## HOW TO COMPLETE THIS TASK
Output all of the data exactly as it appears, but leave out any pictures it contains.

(Records from a dataset)

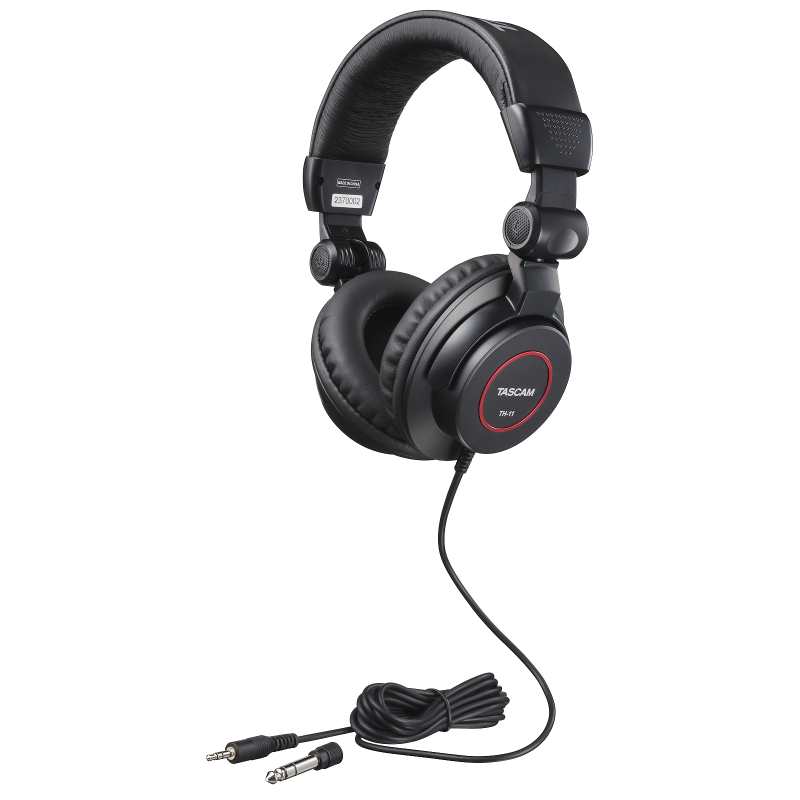 Tascam TH-11 Studio-Grade Headphones (TH11) - Image 2
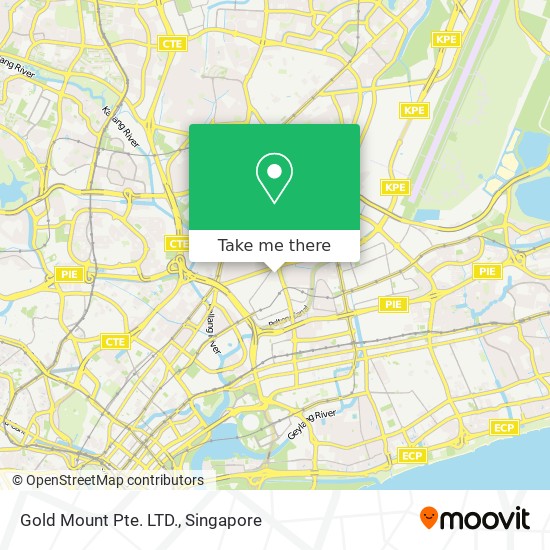 Gold Mount Pte. LTD.地图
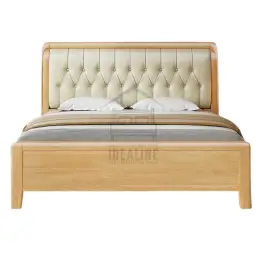 TX-1686# NATURAL 60X75 QUEEN BEDFRAME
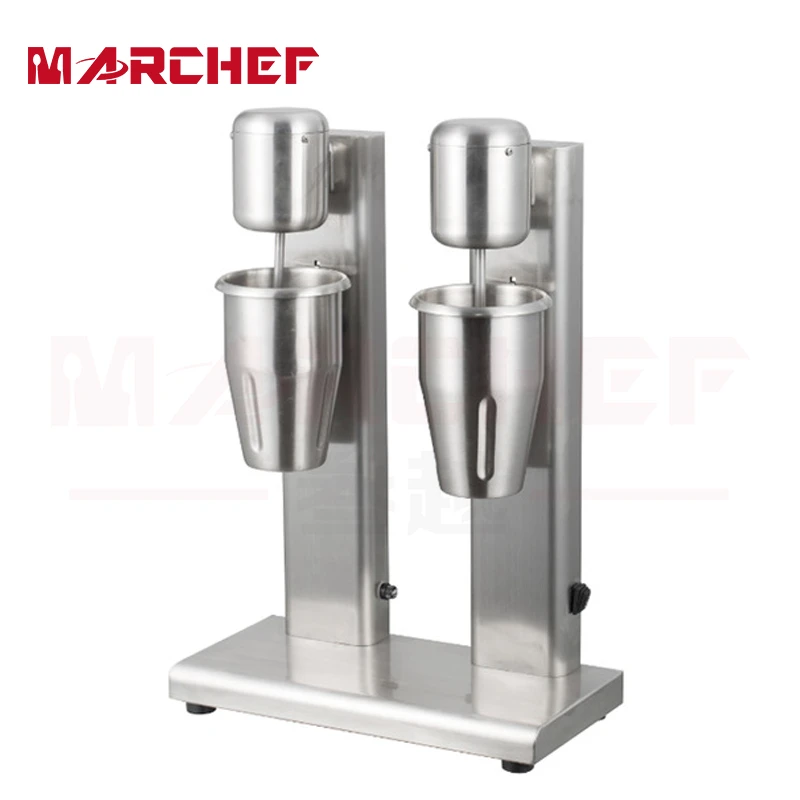 2l Double Cup Stainless Steel Commercial Milk Shaker_milkshak Beater ...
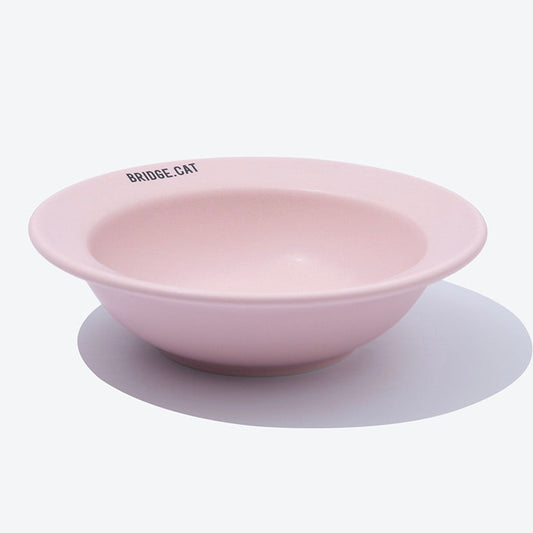 ※予約販売【BRIDGE.DOG】BRIDGE CAT MINI DISH（PINK）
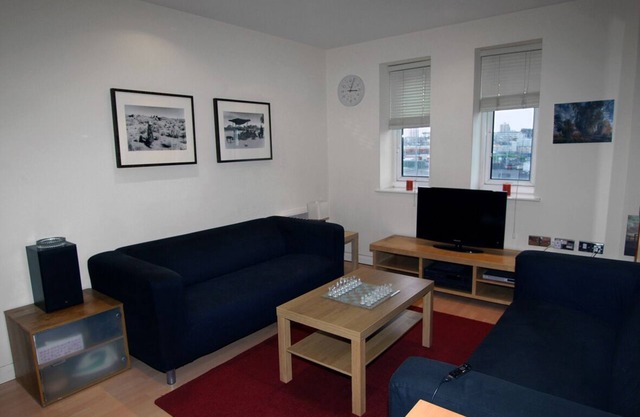 This one's got a gym, sauna and a steam room!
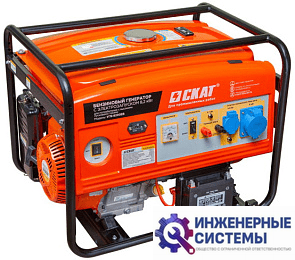 Скат УГБ-8200ЕВ бензогенератор 8,2 кВт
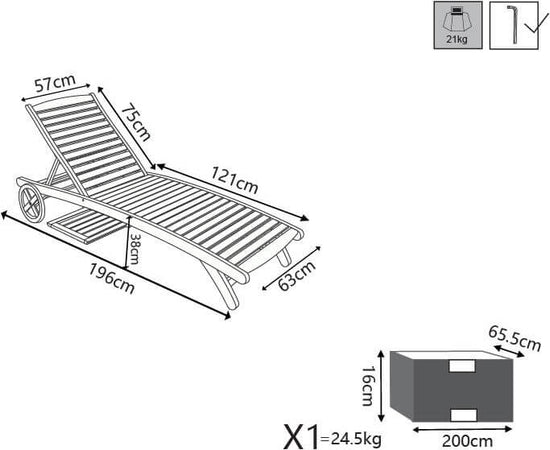 SILIS---lettino-prendisole-in-legno-massiccio-di-acacia-con-ruote-Marrone-Milani-Home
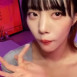생크림 빨아 먹는 음지여왕 배라소니
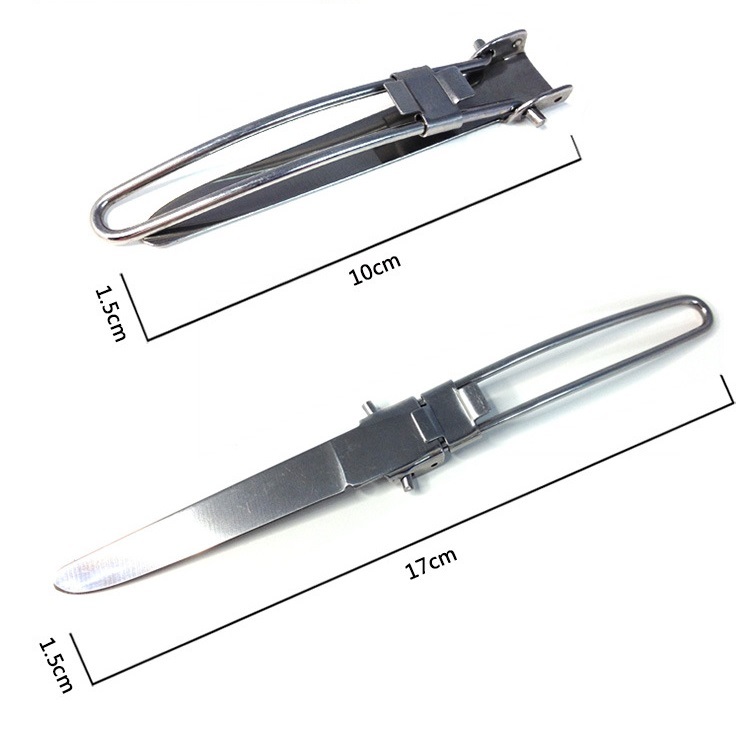 Portable camping tableware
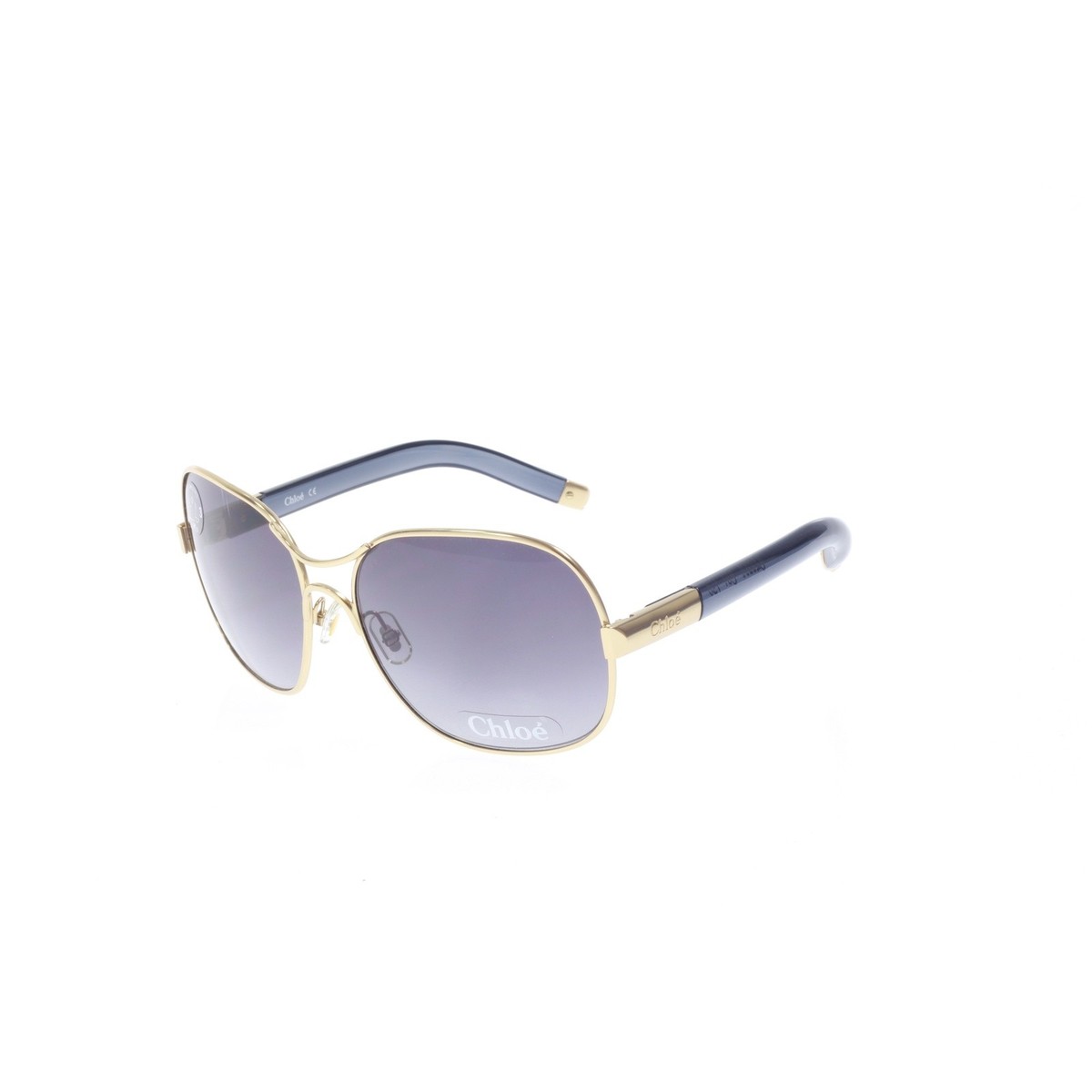 Chloe CL2208 sunglasses Chloe CL2208 C01 Gold Two Tone Women main image 3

## ANSWER BOX
 Tascam TH-11 Studio-Grade Headphones (TH11) - Image 2
 Gold Mount Pte. LTD.地图
 TX-1686# NATURAL 60X75 QUEEN BEDFRAME
 2l Double Cup Stainless Steel Commercial Milk Shaker_milkshak Beater ...
 ※予約販売【BRIDGE.DOG】BRIDGE CAT MINI DISH（PINK）
 This one's got a gym, sauna and a steam room!
 Скат УГБ-8200ЕВ бензогенератор 8,2 кВт
 SILIS---lettino-prendisole-in-legno-massiccio-di-acacia-con-ruote-Marrone-Milani-Home
생크림 빨아 먹는 음지여왕 배라소니
 Portable camping tableware
 Chloe CL2208 sunglasses Chloe CL2208 C01 Gold Two Tone Women main image 3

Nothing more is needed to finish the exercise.